Thanks again for all of your mixing and pouring.

You're welcome! Thank you for the delightful letter.

Here's another missive in regards to yesterday's conservative-hater (note liberal use of italics by your editor to indicate hand-clapping):

The writer claimed that history would back up his claims.  This is not so.  History is a record of the accumulation of wealth and power and the abuse of both.  This has nothing to do with progressive or regressive taxation except that, historically, those who had the power to tax used that power to accumulate wealth and power and then abused that power.  This writer seeks to grant greater power to the taxing class over the taxed classes in the name of fairness and egalitarian values.

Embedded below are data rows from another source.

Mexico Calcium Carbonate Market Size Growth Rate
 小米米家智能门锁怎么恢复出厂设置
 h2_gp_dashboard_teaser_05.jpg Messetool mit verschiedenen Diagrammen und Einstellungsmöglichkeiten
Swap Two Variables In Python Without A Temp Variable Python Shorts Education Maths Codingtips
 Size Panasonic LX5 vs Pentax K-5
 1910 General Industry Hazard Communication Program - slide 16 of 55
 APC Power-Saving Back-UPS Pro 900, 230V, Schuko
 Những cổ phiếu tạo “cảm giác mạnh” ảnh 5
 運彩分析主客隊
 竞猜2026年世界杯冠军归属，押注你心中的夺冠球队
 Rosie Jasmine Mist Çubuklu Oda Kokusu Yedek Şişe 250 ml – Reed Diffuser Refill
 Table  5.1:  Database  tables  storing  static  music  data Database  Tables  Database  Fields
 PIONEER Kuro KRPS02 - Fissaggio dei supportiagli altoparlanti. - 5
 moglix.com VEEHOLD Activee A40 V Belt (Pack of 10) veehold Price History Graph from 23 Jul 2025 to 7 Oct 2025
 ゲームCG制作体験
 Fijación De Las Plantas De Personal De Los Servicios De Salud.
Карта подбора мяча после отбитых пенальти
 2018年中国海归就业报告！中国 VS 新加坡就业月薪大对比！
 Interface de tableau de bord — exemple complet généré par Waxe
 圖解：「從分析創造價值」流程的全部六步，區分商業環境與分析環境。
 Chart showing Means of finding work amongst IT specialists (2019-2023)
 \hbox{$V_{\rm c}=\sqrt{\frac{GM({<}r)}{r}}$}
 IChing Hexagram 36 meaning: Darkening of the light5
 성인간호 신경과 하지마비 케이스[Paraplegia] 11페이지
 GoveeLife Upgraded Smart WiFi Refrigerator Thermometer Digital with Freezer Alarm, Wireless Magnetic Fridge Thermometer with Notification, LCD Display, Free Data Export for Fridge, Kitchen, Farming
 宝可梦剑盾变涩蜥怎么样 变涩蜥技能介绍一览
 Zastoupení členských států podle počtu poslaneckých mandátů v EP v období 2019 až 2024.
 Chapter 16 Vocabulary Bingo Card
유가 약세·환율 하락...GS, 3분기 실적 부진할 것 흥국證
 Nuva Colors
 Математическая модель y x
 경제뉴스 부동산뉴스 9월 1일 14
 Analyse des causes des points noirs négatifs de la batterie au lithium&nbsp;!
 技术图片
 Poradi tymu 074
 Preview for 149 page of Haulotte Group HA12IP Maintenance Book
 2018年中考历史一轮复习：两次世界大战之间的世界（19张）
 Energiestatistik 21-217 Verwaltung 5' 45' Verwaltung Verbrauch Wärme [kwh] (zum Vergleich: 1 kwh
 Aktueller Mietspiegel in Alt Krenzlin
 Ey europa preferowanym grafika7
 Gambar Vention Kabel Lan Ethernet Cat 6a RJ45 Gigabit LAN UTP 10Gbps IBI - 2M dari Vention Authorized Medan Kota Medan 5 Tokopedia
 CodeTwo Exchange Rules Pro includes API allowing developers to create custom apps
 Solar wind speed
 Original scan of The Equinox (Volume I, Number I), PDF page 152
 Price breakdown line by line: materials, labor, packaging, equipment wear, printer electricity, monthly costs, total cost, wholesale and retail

An egalitarian society is one where everyone has an equal chance to earn an income, to be recompensed for their labor and their industry.  It follows that this egalitarian society would also be one where everyone would get to keep their earnings and use them as they saw fit, not as the taxing class sees fit.  If this were so, then the people, like this writer, who wish to 'spread the wealth' would never get the power to favor some while holding others back; which is what happens in a society with "progressive" taxation.

There is no way to make taxes "fair".  Someone would always have to surrender a larger percentage of their total purchasing power than another who had more money.  When we followed the Constitution and limited taxes to imports we at least didn't deprive anyone except the wealthy while we supported domestic enterprises.  In any case taxes only benefit tax collectors or social parasites who perpetually think that whatever their condition is it must be someone else's fault and that no one should have more than anyone else.

I recall a conversation I had with a college student friend who was just like that writer.  He thought that inheritance taxes should be 100%.  Not so he could have any of it but because he hadn't gotten any.  He had to work to get through college and resented his fellows because so many of them had parents who had saved enough money to put their kids through school without any hardships.  He thought the money, earned and saved through a lifetime, or several lifetimes, should be returned to the government where it came from.  Then there would be enough for everyone to go to college (or, presumably, do anything else their hearts desired) and we would all be equal.  No amount of evidence could dissuade him.  Instead he just got louder, as if shouting would prove his position against the example of historical proo f.  Hope you find this of some use someday.

Good points and a wonderful letter, but to many "egalitarian" means the ridiculous notion of forced equality. There is no such thing as equality of men, merely equality of treatment before the law.

Thomas Sowell reminds us that no man is even equal to himself from day to day. Some of us are smarter, prettier, more fragrant, stronger and faster than others. Some of us will be luckier in money and in love.

All of us are going to get different results out of life. No amount of whining, political envy and redistributive tax law will change that.